La tercera: debemos ser lo suficientemente inteligentes para saber cuándo hacer pausas, cuándo respirar. Todos hemos tenido esos días en que uno piensa “ya me pasó de todo, ¿qué más puede salir mal?”. Y antes de dejarnos arrastrar por la presión de que todo salga “perfecto”, hay que detenerse. Cinco segundos: inhalar, exhalar, bajar las pulsaciones, desacelerar y permitir que la mente vea con claridad. Sí, respirar.
En estas dos últimas semanas, he tenido que recordarme varias veces que es posible… incluso cuando parece que no. Y que, a veces, la mayor victoria no está en correr más rápido, sino en saber cuándo detenerse.
En el fondo, el marketing y la vida comparten una misma verdad: todo se trata de encontrar sentido. No es solo vender ni cumplir con un cronograma; es escuchar, observar, entender lo que está ahí aunque nadie lo diga. Es aprender a hacer pausas para ver el panorama completo, porque a veces la mejor estrategia no es lanzar la próxima campaña, sino reencontrar el propósito que la inspira. El marketing que realmente transforma es ese que nace de la claridad y la pasión, y esas solo llegan cuando aprendemos a respirar, incluso en medio del caos.
Y pienso en esa frase de Bunbury: “Si ya no puede ir peor… haz un último esfuerzo, espera que sople el viento a favor”. Porque el marketing, igual que la vida, es navegar. Hay días en los que las olas parecen gigantes, el tiempo es escaso y la presión ahoga. Días en los que sentimos que remamos contra corriente. Pero justo ahí, cuando parece que nada se mueve, puede llegar ese viento inesperado que cambia el rumbo.
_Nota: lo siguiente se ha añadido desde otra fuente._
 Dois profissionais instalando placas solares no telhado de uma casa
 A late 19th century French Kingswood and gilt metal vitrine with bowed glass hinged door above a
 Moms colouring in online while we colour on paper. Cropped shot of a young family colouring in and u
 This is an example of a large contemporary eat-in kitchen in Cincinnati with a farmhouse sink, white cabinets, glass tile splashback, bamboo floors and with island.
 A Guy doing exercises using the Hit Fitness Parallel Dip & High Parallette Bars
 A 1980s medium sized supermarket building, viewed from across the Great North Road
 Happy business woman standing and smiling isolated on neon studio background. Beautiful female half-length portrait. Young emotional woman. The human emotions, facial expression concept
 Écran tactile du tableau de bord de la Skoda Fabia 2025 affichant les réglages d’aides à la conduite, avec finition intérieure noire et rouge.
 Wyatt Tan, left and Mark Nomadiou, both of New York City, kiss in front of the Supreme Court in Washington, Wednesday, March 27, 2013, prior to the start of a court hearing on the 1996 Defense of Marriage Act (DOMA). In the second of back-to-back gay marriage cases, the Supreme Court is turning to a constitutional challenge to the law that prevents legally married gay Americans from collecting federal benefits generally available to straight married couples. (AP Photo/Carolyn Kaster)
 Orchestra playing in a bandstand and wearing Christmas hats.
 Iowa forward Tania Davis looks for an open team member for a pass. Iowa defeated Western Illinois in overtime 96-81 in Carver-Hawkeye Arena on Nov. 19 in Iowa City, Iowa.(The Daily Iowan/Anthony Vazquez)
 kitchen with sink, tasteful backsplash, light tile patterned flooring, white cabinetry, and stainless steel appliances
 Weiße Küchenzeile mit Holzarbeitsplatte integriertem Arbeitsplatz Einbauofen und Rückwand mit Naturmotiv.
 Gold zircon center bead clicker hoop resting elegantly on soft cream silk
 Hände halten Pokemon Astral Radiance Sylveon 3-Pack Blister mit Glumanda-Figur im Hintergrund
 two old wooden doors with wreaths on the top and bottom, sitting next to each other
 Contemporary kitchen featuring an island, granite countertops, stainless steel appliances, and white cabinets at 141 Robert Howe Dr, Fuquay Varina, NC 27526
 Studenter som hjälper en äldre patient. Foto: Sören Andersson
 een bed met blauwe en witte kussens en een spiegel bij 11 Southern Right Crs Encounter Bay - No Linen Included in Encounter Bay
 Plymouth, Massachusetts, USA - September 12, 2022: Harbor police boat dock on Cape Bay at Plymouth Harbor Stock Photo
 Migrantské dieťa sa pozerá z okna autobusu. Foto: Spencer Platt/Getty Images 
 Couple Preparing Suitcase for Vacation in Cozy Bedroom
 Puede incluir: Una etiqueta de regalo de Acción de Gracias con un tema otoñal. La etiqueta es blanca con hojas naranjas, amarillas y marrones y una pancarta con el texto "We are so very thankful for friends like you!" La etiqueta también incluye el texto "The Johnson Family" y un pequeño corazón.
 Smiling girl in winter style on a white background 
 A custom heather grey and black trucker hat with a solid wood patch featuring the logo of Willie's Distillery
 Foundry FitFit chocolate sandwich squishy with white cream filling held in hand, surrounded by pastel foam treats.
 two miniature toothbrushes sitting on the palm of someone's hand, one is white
Ese “viento a favor” puede ser una idea creativa que ilumina el camino, un cliente que confía, un compañero que regresa, una estrategia que encaja perfecto. Y para recibirlo, hay que hacer lo mismo que en el mar: no rendirse, ajustar las velas, respirar… y esperar el momento justo para avanzar. Porque en el marketing, como en la vida, la pasión y el propósito son la brújula; y cuando el viento sopla a favor, es el recordatorio de que todo esfuerzo —por más agotador que parezca— siempre vale la pena.